What the exercise asks: Look through the data below and extract, unchanged, the lines from the one that contains "My 2021 Gaming/Editing" to the one that contains "2023 Hyundai ELANTRA SE", both included.

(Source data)
□ □ □ □ □ □ □

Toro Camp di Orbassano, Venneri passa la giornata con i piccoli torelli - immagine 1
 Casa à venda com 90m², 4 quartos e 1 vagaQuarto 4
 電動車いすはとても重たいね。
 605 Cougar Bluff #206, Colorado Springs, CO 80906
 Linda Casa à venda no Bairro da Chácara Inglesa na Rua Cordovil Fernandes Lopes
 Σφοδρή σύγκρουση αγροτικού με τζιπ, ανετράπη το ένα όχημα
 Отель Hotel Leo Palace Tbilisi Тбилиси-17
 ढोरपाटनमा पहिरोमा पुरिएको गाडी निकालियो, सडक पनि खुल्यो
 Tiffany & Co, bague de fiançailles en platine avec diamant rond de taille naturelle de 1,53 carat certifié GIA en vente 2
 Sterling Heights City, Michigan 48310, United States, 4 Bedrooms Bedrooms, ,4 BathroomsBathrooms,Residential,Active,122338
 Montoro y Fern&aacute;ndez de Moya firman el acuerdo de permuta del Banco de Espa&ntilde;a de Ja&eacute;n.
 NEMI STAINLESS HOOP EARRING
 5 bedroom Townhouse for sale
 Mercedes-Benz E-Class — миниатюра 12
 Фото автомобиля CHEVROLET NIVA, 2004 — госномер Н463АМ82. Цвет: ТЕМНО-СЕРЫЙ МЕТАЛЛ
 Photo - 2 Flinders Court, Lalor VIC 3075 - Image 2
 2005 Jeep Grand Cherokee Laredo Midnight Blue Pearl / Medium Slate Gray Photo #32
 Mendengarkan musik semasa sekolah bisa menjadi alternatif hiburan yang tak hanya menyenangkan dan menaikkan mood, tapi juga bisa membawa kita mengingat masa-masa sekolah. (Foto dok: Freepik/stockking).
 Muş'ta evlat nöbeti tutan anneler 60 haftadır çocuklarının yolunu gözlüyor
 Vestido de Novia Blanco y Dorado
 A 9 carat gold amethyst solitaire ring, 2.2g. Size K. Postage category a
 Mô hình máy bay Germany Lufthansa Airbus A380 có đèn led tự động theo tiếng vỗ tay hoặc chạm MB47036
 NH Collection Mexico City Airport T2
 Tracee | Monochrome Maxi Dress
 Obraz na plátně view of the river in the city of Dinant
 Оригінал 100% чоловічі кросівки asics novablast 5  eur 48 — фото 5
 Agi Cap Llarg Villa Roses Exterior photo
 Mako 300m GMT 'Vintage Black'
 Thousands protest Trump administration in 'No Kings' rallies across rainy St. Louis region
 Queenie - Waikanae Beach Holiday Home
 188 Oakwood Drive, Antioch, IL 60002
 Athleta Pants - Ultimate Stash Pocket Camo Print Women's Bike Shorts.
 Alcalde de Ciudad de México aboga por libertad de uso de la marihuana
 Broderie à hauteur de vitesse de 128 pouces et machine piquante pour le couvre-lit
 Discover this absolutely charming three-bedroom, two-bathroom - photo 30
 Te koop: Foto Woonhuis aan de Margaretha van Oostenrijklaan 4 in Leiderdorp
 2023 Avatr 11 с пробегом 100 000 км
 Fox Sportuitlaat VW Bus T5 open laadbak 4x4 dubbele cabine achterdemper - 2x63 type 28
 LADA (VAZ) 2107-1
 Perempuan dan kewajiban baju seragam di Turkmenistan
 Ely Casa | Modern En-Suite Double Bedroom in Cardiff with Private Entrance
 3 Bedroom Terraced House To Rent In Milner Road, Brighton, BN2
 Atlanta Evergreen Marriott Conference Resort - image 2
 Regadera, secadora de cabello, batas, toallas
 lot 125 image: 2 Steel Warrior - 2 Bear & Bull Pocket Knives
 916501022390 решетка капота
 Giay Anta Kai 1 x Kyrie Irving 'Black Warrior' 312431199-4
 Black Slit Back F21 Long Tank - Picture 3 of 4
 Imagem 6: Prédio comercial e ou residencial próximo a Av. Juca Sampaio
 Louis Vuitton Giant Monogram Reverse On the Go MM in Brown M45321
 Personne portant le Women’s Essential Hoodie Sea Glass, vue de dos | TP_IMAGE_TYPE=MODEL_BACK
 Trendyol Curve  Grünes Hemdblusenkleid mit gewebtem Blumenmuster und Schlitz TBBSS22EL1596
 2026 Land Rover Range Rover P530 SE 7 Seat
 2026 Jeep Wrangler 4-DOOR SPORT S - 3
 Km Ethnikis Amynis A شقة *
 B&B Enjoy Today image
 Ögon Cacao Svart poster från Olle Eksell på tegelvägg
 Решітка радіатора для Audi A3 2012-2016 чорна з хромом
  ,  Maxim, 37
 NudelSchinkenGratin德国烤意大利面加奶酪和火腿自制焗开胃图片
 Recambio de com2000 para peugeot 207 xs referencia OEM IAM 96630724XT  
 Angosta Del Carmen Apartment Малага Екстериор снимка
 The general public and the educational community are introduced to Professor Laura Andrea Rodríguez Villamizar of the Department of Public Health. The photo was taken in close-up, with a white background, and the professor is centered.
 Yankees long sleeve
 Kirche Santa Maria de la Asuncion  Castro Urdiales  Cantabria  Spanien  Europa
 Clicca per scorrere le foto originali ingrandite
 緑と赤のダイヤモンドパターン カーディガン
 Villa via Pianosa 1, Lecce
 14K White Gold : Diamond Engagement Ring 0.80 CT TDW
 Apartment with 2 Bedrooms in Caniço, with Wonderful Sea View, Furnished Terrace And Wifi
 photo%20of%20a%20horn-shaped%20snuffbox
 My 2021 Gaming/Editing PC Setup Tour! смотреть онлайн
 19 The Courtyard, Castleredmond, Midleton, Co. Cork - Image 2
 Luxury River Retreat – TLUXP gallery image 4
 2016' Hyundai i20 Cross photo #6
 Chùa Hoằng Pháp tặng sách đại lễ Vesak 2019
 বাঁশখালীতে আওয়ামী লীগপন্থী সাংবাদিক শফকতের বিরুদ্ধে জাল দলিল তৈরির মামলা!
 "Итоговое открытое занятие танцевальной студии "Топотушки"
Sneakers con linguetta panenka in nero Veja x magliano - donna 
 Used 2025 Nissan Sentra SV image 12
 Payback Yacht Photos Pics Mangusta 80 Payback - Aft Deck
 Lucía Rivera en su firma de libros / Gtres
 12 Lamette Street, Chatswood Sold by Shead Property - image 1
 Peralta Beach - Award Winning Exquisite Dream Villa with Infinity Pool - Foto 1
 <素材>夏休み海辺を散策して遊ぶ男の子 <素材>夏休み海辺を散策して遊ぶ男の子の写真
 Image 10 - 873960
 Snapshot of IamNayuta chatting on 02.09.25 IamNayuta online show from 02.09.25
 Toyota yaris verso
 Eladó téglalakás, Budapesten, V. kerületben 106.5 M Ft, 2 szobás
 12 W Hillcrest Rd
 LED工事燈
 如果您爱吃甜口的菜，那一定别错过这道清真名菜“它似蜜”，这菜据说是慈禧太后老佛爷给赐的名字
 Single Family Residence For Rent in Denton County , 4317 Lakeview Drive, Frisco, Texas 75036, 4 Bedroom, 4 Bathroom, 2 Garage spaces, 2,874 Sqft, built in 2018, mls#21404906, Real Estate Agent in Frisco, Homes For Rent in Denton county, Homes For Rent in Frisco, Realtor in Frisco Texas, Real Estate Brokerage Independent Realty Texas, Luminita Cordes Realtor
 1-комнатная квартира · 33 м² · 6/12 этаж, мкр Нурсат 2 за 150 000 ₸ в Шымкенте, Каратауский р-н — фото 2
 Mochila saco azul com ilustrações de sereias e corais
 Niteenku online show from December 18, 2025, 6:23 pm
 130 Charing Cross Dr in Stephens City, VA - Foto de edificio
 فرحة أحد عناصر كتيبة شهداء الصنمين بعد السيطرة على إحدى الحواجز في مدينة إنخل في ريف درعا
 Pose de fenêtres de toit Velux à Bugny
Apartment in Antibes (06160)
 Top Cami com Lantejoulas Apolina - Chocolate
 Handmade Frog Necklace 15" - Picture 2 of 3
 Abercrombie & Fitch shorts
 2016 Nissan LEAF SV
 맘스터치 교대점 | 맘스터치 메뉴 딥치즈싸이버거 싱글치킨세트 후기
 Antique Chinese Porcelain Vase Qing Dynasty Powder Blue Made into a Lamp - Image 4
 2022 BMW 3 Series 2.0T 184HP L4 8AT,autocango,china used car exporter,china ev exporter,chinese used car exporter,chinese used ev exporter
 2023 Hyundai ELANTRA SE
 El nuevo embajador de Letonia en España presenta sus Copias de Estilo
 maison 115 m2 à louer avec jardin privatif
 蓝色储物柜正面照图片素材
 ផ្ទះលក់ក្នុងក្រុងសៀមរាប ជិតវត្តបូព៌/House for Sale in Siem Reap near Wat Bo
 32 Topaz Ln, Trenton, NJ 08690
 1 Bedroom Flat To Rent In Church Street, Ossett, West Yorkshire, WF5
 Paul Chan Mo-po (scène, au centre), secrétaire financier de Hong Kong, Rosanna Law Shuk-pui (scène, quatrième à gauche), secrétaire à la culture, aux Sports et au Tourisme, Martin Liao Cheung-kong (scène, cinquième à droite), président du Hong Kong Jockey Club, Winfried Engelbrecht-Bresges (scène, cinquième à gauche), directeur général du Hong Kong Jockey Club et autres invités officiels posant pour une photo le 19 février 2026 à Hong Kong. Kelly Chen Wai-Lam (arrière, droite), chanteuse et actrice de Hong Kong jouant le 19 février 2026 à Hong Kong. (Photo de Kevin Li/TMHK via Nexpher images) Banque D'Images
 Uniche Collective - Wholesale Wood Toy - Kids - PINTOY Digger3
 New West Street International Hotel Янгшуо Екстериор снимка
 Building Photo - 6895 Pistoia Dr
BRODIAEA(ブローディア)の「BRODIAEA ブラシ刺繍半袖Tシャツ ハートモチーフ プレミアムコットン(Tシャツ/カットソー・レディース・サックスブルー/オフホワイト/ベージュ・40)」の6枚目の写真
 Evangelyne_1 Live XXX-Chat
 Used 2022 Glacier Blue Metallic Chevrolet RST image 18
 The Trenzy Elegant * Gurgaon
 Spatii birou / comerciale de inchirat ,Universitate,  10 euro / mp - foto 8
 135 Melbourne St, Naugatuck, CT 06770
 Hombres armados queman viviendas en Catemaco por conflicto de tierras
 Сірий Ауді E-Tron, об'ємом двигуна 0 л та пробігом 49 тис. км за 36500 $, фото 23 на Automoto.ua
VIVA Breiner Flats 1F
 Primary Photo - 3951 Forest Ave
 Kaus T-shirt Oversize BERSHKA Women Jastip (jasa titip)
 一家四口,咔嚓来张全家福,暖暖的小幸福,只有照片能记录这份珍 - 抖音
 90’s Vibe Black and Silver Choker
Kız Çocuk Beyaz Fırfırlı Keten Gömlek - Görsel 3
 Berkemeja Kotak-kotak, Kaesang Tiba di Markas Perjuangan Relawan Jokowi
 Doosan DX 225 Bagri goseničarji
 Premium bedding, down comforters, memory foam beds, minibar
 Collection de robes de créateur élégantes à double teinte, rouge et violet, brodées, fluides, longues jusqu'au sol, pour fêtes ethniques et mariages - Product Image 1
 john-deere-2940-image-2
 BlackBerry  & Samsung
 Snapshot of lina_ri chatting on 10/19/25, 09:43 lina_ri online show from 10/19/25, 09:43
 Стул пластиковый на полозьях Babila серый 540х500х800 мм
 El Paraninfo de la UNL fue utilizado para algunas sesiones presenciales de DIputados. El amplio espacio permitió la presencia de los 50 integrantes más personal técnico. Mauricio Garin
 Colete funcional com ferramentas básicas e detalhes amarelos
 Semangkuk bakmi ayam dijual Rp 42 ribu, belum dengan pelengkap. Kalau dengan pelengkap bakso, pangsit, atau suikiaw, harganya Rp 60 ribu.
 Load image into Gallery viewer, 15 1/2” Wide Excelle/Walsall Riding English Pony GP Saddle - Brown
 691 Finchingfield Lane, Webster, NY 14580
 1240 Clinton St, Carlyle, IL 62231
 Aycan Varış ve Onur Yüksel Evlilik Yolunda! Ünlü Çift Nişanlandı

□ □ □ □ □ □ □

Response:
 My 2021 Gaming/Editing PC Setup Tour! смотреть онлайн
 19 The Courtyard, Castleredmond, Midleton, Co. Cork - Image 2
 Luxury River Retreat – TLUXP gallery image 4
 2016' Hyundai i20 Cross photo #6
 Chùa Hoằng Pháp tặng sách đại lễ Vesak 2019
 বাঁশখালীতে আওয়ামী লীগপন্থী সাংবাদিক শফকতের বিরুদ্ধে জাল দলিল তৈরির মামলা!
 "Итоговое открытое занятие танцевальной студии "Топотушки"
Sneakers con linguetta panenka in nero Veja x magliano - donna 
 Used 2025 Nissan Sentra SV image 12
 Payback Yacht Photos Pics Mangusta 80 Payback - Aft Deck
 Lucía Rivera en su firma de libros / Gtres
 12 Lamette Street, Chatswood Sold by Shead Property - image 1
 Peralta Beach - Award Winning Exquisite Dream Villa with Infinity Pool - Foto 1
 <素材>夏休み海辺を散策して遊ぶ男の子 <素材>夏休み海辺を散策して遊ぶ男の子の写真
 Image 10 - 873960
 Snapshot of IamNayuta chatting on 02.09.25 IamNayuta online show from 02.09.25
 Toyota yaris verso
 Eladó téglalakás, Budapesten, V. kerületben 106.5 M Ft, 2 szobás
 12 W Hillcrest Rd
 LED工事燈
 如果您爱吃甜口的菜，那一定别错过这道清真名菜“它似蜜”，这菜据说是慈禧太后老佛爷给赐的名字
 Single Family Residence For Rent in Denton County , 4317 Lakeview Drive, Frisco, Texas 75036, 4 Bedroom, 4 Bathroom, 2 Garage spaces, 2,874 Sqft, built in 2018, mls#21404906, Real Estate Agent in Frisco, Homes For Rent in Denton county, Homes For Rent in Frisco, Realtor in Frisco Texas, Real Estate Brokerage Independent Realty Texas, Luminita Cordes Realtor
 1-комнатная квартира · 33 м² · 6/12 этаж, мкр Нурсат 2 за 150 000 ₸ в Шымкенте, Каратауский р-н — фото 2
 Mochila saco azul com ilustrações de sereias e corais
 Niteenku online show from December 18, 2025, 6:23 pm
 130 Charing Cross Dr in Stephens City, VA - Foto de edificio
 فرحة أحد عناصر كتيبة شهداء الصنمين بعد السيطرة على إحدى الحواجز في مدينة إنخل في ريف درعا
 Pose de fenêtres de toit Velux à Bugny
Apartment in Antibes (06160)
 Top Cami com Lantejoulas Apolina - Chocolate
 Handmade Frog Necklace 15" - Picture 2 of 3
 Abercrombie & Fitch shorts
 2016 Nissan LEAF SV
 맘스터치 교대점 | 맘스터치 메뉴 딥치즈싸이버거 싱글치킨세트 후기
 Antique Chinese Porcelain Vase Qing Dynasty Powder Blue Made into a Lamp - Image 4
 2022 BMW 3 Series 2.0T 184HP L4 8AT,autocango,china used car exporter,china ev exporter,chinese used car exporter,chinese used ev exporter
 2023 Hyundai ELANTRA SE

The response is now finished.